▶ _Task_
From the material below, please set down exactly the lines starting with the one with "Futuristic Blockchain Concept (3D Rendering)" and going on through the one with "여성 요가복 DEVI-T0053-페일민트 필라테스 데일리웨어 긴팔티 티셔츠", without a single picture.

▶ _Data_
+--

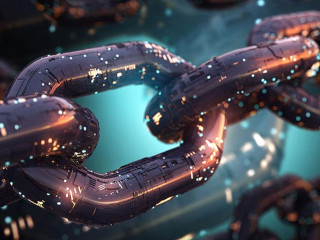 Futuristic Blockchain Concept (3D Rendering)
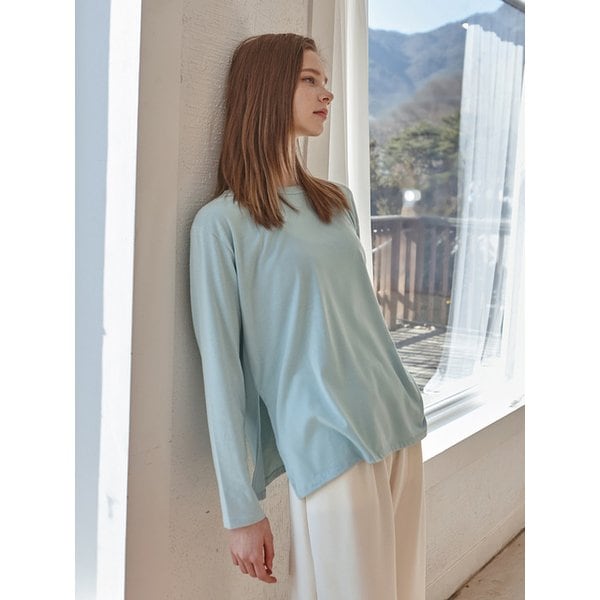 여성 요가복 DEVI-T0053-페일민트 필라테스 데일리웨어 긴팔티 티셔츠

+--

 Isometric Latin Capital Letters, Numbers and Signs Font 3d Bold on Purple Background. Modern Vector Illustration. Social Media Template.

+--

▶ _Result of this task_
 Futuristic Blockchain Concept (3D Rendering)
 여성 요가복 DEVI-T0053-페일민트 필라테스 데일리웨어 긴팔티 티셔츠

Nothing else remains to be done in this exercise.